━━ EXTRACTED INFORMATION ━━
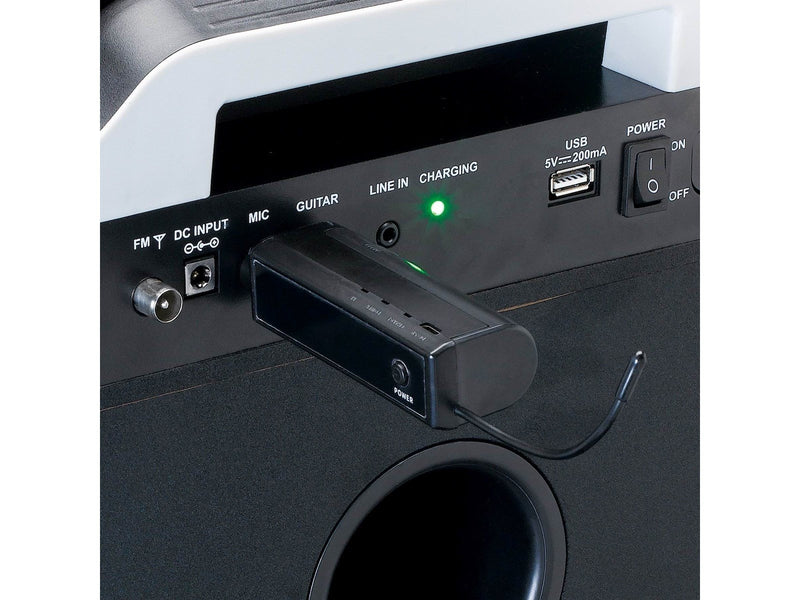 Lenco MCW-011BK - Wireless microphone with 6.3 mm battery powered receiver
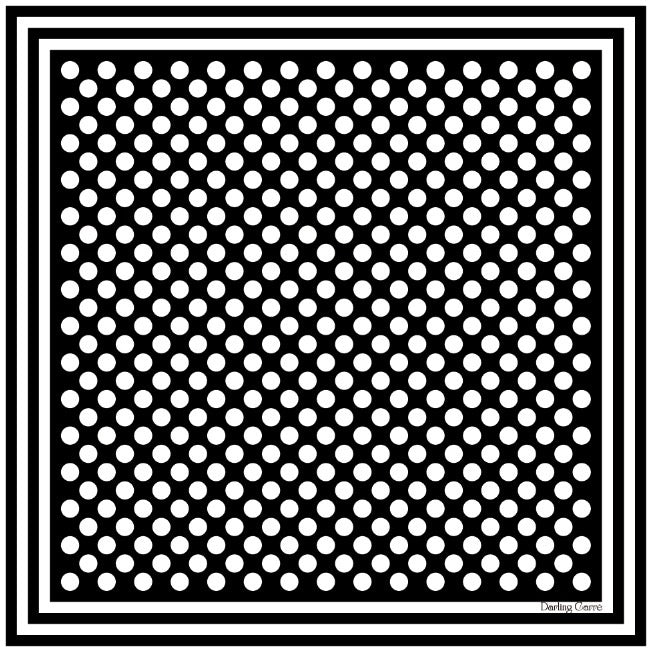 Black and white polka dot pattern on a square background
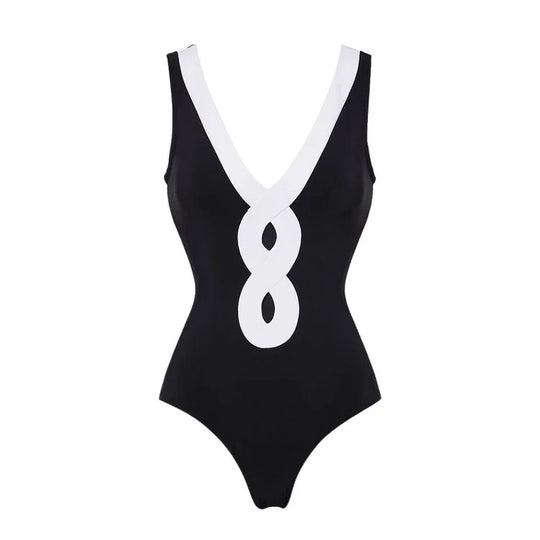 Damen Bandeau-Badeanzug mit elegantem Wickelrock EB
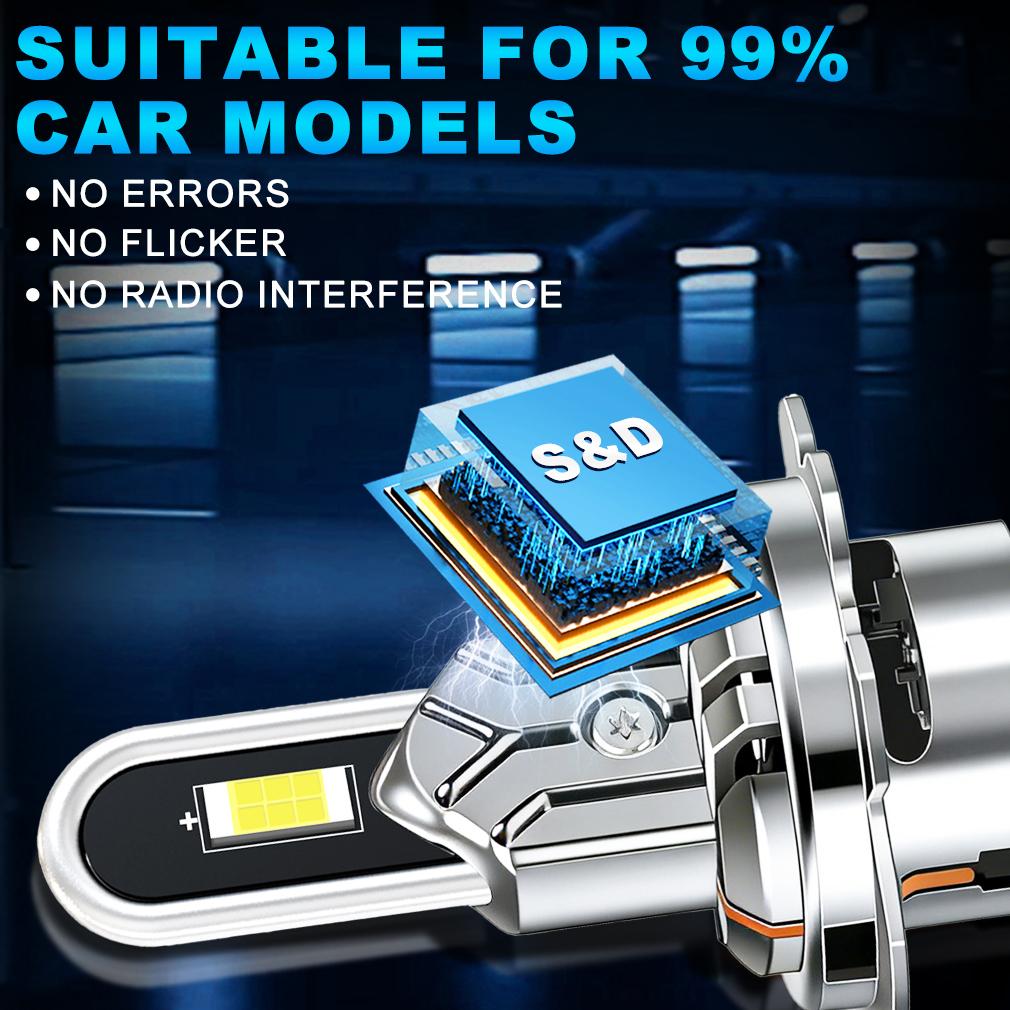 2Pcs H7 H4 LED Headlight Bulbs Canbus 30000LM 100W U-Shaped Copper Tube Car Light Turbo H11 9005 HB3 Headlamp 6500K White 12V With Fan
━━━
━━ EXTRACTED INFORMATION ━━
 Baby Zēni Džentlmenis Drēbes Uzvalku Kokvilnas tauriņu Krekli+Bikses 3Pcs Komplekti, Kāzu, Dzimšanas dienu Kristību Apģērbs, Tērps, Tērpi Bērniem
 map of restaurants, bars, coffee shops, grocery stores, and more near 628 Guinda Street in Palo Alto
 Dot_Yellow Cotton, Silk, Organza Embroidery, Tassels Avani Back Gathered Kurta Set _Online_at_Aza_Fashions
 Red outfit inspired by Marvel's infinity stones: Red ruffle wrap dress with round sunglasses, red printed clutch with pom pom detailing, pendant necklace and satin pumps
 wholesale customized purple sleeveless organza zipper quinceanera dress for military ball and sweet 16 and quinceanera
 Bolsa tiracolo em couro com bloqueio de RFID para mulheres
━━━
_WHAT IS REQUIRED_
Show me each line of the listing above with "dress" in it.

_EXERCISE OUTPUT_
 Red outfit inspired by Marvel's infinity stones: Red ruffle wrap dress with round sunglasses, red printed clutch with pom pom detailing, pendant necklace and satin pumps
 wholesale customized purple sleeveless organza zipper quinceanera dress for military ball and sweet 16 and quinceanera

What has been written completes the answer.